For many companies, human resources has become an outdated term. Instead they have now shifted towards 'employee experience', which aims to focus on the bigger picture of how professionals feel in their role.
This brings together elements of workplace, HR, and management practices, to get a better and organic understanding of the overall experience people have at a company, boosting retention, loyalty and advocacy from employees.
But why the change, and is it just a new term for something that many companies have been doing for years?
Coined by John R. Commons and dating back to the late 1890s, the term ‘human resources’ became common in the 1910s and 1920s and encouraged businesses to view the people working for them as "capital assets". This and the idea that you should invest in your workforce as much as you did any machinery was undoubtedly a radical view for companies at the turn of the 20th century, but now feels outdated.
Why do businesses need to change now?
There are a number of reasons why, in 2018, companies need to be embracing employee experience ahead of traditional HR notions.
The digital revolution means employers no longer have to rely on their own intuition or 'honest' feedback from their workforce to measure how happy or satisfied they are in their role. Now there's a range of software, apps and integrated tools that can be used to get data-backed support on how employees feel about their job.
Over the past few years there's been a significant shift in who the people are in a workforce. If yours isn't already, it won't be long until it's dominated by millennials and they have a very different attitude to careers than previous generations.
Although they are less than a third of the population, by 2025 millennials will make up three-quarters of the workforce. This change in demographic brings with it a shift in the priorities for employee experience. Millennials want a job that is meaningful to them, rather than one that pays the best, with an employer who is supportive and gives them autonomy and flexibility.
This means a positive and mutually respectful relationship has become the main priority for employees.
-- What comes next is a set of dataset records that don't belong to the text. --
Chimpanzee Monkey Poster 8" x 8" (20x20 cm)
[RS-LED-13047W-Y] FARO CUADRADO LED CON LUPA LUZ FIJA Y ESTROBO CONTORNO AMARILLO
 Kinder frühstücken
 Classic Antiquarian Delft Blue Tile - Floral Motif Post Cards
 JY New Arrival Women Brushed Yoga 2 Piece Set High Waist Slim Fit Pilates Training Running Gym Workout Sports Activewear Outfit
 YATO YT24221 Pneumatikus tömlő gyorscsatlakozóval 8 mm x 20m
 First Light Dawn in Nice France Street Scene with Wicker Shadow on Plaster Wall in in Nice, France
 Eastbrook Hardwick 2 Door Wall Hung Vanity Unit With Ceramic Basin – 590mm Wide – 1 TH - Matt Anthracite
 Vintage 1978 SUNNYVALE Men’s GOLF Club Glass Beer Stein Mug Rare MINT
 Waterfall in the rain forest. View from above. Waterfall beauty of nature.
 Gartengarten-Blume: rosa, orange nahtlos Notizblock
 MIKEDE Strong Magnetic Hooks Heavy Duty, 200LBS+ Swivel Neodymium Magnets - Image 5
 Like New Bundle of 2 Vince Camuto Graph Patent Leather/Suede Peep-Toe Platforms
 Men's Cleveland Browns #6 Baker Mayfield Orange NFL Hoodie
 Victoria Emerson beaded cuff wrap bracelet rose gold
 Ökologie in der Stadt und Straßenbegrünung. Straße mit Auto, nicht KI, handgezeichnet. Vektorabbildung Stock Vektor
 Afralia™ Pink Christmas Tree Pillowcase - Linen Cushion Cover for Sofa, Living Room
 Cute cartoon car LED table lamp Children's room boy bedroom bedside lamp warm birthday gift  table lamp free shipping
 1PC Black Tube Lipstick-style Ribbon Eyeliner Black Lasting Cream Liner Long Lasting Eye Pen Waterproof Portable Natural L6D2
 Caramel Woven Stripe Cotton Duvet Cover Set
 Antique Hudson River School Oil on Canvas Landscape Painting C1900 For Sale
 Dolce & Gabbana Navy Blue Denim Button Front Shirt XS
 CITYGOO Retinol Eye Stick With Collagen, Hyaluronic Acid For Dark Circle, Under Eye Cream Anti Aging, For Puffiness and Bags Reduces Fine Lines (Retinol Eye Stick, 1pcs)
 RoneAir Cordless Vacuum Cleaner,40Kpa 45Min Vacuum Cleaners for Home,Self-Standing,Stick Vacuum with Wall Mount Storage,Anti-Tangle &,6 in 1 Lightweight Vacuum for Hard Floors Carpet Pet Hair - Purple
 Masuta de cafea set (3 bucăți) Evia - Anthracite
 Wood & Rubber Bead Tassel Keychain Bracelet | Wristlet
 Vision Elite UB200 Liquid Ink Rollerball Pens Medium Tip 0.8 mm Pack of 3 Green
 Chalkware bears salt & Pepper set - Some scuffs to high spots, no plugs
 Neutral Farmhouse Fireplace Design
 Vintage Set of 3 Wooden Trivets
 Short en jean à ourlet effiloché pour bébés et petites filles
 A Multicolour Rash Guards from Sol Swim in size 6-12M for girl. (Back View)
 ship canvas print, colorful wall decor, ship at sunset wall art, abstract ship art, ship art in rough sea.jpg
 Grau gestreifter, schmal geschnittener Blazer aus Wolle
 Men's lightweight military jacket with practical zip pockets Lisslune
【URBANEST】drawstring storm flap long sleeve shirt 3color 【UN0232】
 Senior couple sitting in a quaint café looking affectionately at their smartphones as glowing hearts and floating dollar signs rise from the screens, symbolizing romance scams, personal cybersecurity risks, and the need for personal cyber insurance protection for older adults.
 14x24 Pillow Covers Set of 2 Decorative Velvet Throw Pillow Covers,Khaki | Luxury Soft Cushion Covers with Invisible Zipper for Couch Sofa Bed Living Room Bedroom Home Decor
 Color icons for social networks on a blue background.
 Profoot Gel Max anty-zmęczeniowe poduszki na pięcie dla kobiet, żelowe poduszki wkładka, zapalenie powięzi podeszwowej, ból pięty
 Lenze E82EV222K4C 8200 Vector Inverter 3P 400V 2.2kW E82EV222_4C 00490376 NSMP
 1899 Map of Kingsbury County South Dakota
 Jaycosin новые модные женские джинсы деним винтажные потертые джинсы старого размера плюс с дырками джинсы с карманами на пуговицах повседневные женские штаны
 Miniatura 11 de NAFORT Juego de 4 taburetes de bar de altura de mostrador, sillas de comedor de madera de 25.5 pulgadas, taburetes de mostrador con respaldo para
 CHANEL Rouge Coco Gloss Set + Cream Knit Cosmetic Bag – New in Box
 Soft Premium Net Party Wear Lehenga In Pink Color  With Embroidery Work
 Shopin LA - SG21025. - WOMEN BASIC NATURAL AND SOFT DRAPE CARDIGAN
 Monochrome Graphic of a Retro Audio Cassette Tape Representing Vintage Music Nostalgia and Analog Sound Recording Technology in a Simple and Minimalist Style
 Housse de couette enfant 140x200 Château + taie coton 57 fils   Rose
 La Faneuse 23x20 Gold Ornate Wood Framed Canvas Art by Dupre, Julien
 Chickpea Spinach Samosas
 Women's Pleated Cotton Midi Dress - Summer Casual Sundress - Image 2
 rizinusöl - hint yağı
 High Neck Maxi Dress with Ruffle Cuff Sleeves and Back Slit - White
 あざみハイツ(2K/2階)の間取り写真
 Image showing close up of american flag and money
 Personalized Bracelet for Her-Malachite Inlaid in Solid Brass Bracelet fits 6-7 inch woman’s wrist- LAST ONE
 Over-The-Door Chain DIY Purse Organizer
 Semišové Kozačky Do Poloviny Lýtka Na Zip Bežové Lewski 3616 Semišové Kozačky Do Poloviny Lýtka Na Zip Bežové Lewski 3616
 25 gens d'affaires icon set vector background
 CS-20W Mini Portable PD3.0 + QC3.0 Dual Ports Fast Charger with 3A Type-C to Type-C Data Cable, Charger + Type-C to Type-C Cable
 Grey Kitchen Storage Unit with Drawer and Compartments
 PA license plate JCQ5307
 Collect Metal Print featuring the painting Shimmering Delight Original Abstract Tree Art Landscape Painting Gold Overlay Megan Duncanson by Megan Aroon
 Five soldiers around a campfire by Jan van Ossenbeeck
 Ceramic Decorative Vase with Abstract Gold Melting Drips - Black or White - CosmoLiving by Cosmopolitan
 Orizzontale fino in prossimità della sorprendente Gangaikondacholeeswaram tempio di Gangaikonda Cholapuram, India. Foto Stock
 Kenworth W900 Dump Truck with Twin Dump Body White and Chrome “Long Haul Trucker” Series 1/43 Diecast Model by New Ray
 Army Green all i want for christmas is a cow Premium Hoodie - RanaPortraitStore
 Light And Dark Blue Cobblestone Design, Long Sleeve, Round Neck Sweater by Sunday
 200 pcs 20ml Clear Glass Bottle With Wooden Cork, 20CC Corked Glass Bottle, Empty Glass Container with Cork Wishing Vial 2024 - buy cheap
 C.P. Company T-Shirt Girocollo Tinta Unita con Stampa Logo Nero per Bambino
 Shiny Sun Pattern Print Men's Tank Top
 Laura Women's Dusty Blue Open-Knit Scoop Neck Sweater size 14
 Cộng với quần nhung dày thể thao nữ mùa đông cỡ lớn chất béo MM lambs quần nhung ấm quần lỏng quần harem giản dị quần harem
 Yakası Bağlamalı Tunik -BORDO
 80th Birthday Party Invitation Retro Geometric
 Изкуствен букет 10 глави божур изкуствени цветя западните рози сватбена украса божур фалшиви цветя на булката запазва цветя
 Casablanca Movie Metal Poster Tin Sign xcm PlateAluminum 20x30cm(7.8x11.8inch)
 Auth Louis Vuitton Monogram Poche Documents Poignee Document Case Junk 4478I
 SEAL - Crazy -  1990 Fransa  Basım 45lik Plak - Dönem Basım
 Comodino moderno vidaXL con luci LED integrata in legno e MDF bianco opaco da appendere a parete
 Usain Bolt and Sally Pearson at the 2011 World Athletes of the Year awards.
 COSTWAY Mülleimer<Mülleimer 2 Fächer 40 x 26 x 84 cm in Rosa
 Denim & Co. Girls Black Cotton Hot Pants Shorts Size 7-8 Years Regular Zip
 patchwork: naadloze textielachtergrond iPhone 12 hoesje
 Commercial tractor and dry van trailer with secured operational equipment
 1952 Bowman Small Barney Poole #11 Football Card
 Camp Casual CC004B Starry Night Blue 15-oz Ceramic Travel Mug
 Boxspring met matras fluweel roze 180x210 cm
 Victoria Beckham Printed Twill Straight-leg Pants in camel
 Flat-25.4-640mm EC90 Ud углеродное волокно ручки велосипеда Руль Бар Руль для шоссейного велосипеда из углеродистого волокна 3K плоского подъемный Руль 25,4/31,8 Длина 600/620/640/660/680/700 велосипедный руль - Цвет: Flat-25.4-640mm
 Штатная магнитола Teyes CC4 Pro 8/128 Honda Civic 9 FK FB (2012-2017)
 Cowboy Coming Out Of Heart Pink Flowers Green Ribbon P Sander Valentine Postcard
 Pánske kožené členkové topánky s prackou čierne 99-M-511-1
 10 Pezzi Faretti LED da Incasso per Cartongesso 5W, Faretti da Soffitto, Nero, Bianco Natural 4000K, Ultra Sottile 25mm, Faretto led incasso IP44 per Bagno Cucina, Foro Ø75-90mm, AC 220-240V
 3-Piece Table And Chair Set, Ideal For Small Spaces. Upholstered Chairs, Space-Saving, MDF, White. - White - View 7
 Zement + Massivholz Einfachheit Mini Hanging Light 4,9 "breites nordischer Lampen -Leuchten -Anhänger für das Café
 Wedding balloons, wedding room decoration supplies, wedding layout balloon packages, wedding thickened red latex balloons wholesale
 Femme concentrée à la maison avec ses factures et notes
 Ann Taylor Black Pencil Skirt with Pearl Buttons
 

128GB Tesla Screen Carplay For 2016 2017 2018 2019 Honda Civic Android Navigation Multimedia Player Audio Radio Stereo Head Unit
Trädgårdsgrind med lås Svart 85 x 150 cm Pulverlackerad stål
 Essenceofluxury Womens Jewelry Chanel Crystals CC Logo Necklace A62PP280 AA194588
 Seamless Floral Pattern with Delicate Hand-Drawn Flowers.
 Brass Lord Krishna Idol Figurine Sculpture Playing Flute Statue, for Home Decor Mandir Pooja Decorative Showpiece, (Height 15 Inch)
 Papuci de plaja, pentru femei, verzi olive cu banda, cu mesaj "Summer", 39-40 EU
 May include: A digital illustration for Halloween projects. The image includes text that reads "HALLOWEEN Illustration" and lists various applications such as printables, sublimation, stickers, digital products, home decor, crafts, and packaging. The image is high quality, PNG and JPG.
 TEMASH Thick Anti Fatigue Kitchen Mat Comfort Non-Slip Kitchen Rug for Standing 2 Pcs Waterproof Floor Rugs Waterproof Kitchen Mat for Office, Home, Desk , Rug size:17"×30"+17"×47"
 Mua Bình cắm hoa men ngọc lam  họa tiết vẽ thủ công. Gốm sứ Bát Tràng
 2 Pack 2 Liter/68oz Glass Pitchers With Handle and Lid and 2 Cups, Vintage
What are the challenges ahead?
Deloitte's Global Human Capital Trends research highlighted a number of challenges that are currently making it difficult for companies to fully embrace employee experience for their workforce, including:
- Many companies haven't yet set this all-round experience as a priority for HR professionals and instead rely on annual surveys. This means that there is a lack of support and leadership when it comes to implementing employee experience strategies.
- HR departments still suffer from a degree of segmentation that makes them acquire the resources needed to address the various priorities, which range from management practices to workplace benefits and, often, the work culture itself.
- There's still a hesitation from businesses to embrace an all-round check on employee experience, which relies on consistently measuring and providing support to HR teams and line managers.
- Companies remain focused on “point-in-time engagement” and have not yet pulled together the disciplines of performance management, goal setting, diversity, inclusion, wellness, workplace design, and leadership into an integrated framework.
What's the solution?
According to McKinsey, employee experience is "essential for companies to compete effectively".
It believes the best models have companies working alongside their employees to deliver:
"personalized, authentic experiences that ignite passion and tap into purpose to strengthen individual, team, and company performance"
To achieve this, businesses need to invest time and money into understanding their employees as well - if not better - than they do their consumers and identify solutions to any pain points that arise.